Find a mirror, a bathroom or bedroom mirror is good as it allows for you to be totally alone with yourself. Find a comfortable position either sitting or standing and look at yourself in the mirror.

Be close. Take a moment to actually look properly at your face, focus on the shape of your chin, look closely at your skin, is it glowing or showing signs of chocolate abuse? Then gradually draw yourself into your own eyes and look deeply into them. Look even deeper into your eyes, know that they connect deep within your soul, your spirit, and the inner you. Feel that knowing in your gut as you stare face to face, possibly for the first time at the person you ignore the most, you.

It's now time to talk to you. It is now time to tell yourself why you love you. Look yourself in the eye and say Bert I love you, I really do love you. believe it, even if it feels awkward and fake. Repeat it over and over again. And use your own name, unless of course if you are called Bert. And then just go with whatever needs to come out. If you need to apologise, do it, apologise for all the hurt you've caused yourself. Apologise for not listening to your warning signs and allowing yourself to be mistreated. Take as long as you need, cry as hard as you like and make sure you are always looking deep into your eyes and say your name as you address yourself.
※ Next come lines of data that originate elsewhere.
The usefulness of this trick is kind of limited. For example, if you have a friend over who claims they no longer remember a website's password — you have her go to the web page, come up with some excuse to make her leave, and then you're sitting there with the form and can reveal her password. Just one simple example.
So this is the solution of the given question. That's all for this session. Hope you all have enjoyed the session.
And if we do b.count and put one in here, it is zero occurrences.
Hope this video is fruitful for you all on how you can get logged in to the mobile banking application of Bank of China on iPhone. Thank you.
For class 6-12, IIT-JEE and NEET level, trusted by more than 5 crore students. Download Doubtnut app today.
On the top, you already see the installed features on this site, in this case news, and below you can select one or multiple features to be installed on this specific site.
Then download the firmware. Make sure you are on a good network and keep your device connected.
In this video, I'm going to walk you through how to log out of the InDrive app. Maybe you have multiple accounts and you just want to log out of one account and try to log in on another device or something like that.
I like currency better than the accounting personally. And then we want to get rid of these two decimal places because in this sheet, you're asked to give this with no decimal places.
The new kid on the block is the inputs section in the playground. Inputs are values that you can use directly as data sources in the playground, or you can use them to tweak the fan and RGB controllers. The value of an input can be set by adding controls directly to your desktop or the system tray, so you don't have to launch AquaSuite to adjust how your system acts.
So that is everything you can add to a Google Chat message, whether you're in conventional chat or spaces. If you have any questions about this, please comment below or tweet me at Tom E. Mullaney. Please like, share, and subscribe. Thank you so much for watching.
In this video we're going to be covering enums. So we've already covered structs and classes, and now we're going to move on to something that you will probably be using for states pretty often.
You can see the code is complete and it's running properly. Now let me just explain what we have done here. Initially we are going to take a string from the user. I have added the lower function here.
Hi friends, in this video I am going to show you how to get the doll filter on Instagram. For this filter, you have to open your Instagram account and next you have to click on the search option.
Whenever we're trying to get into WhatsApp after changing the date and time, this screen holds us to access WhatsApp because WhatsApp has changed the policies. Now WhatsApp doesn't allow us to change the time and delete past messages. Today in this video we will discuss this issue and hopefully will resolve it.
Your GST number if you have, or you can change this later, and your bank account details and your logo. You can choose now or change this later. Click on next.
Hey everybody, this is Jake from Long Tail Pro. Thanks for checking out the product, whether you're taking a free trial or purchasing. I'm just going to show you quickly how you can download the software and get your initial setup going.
Understand that you only ever did what you thought was the best option at the time. Understand that you only behaved in a way that was available to you mentally and physically at the time. Then forgive yourself and let it go. Look in your eyes and know it's ok and very importantly do not forget to thank yourself, do it, be proud of what you know is good. Say it and say why. What are the reasons that you are proud of yourself? Say it over and over again and let the emotion just pour out with it. ‘Bert I am so proud of you because…’

Keep going until you feel it's time to stop. Then just before you step away take one extra special stare into your eyes, the windows to your soul and tell yourself again that you love yourself and why. Give the mirror a big huge kiss, well done you.

This exercise is a toughie but shit man it feels so good to get it all out. How often should you do this exercise? That is up to you. Talking to yourself in the mirror can allow you to release and let go of the past, it can be used to build your self-esteem and confidence and when repeated over and over again 'I love you Bert' can become an affirmation that you could do daily after brushing your teeth.

Have a chat with yourself in the mirror; I am sure together you will work out what works best for you.